Many of those who operated these motorcycles were urban lumpens in the main, while others came from rural areas around Kano. They were often on drugs; had a  nihilistic outlook to life and seemed unfazed about the danger they faced each day or the danger they constituted to their passengers and other road users.

They had certain cryptic descriptions of their attitudes to life: “Mutuwa dole kokafarkatako (death or a broken limb)” and “Shekara da lafiya, kauyanci ne (an accident-free existence is a sign of backwardness)”!
The ACHABA phenomenon was to spread like veldt fire with the return to civil rule in 1999, when governors in many states turned motorcycle taxis into “poverty alleviation” projects and a direct effort at building a base of thugs and toughies used for political purposes.

The more entrenched they became, the more lawless in practically every city. A minor tiff with the ACHABA rider guarantees the convergence of dozens of their colleagues with a consequent disruption of traffic.

This went with heavy urban pollution especially in Kano, which became increasingly dysfunctional in the past decade.

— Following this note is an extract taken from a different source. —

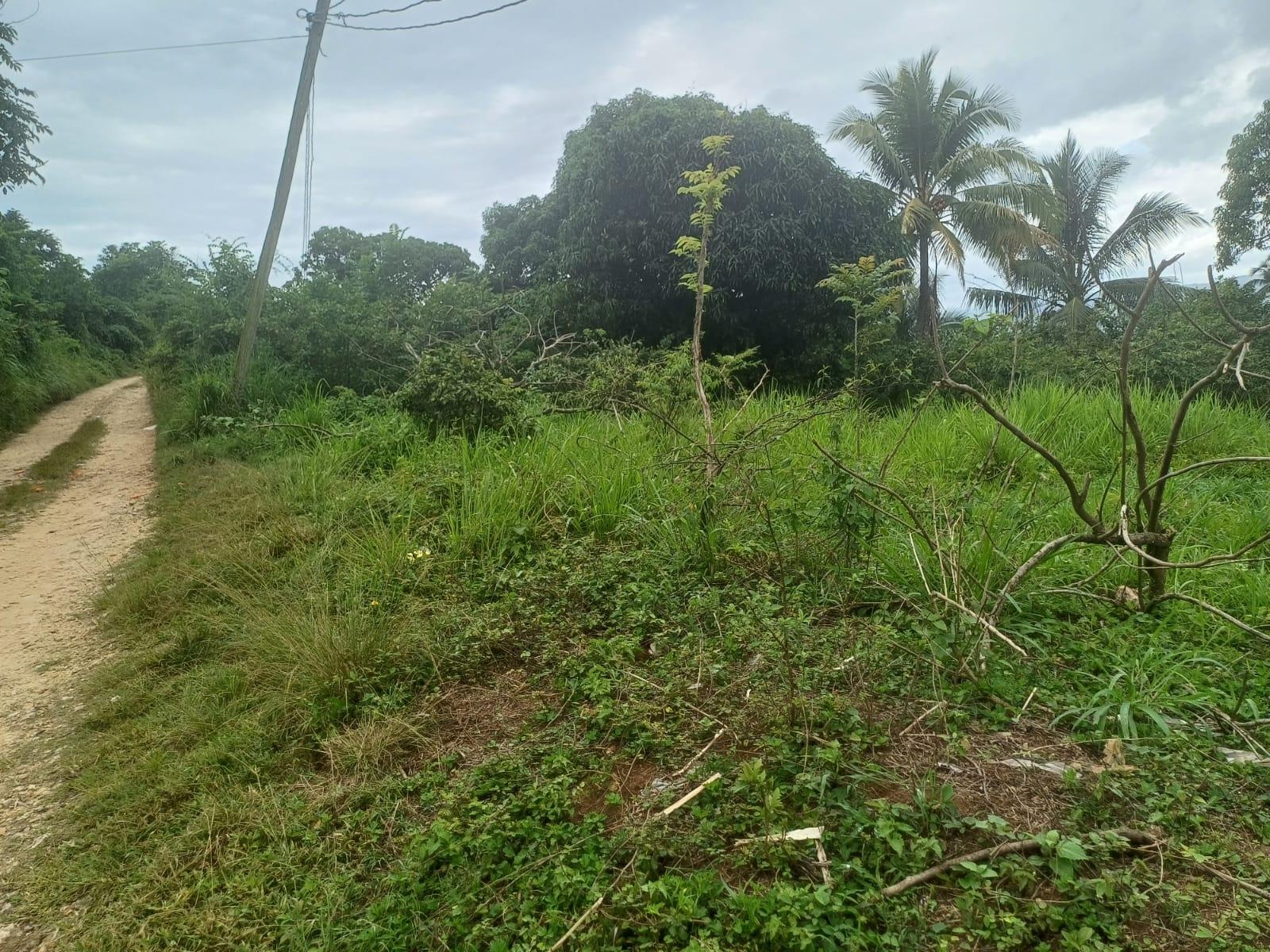 Third image of York Street, Wallens, Lin in Linstead, St. Catherine, Jamaica - property is For Sale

All around Northern Nigeria, the dysfunctional existence was reflected in the dominance of ACHABA in transportation. In truth, there were few real jobs for the young people who turned to ACHABA for livelihood.

Historical events often have unforeseen outcomes and so it was with ACHABA. The marginal groups left out of our peculiar form of neo-colonial, neoliberal, corrupt and uncaring capitalism, began to fight back, employing terrorist methods in the insurgency in the North.

The motorcycle taxi became a choice weapon of the terrorism of the past four years. From Borno through to Bauchi, Kaduna and Kano, the motorcycle has been used to carry out all kinds of crime, including assassinations. It reached a head two weeks ago, with the attack on the Emir of Kano.

The ban was therefore an effort to solve many problems in one fell swoop: Curtail the use of motorcycles for terror and sundry crimes; control traffic chaos and hopefully reduce the frightening levels of pollution. But how will the Kano state government deal with the sudden loss of two million jobs?

What are the alternatives? How does the state bridge the transportation deficit opening up with the removal of ACHABA? The questions are legion, but as we have seen in the FCT during El-Rufai’s administration and in Lagos under Fashola and now in Kano, we must address the crisis of urban transportation; find more civilised ways to transport people around our expanding cities and embrace economic policies that create jobs for the millions of young people drawn to ACHABA and in the extreme, use these motorcycles for terrorism and other crimes.

What worries me is that for as long as our ruling class remains wedded to the unproductive neoliberal capitalism, there won’t be light out of our tunnel!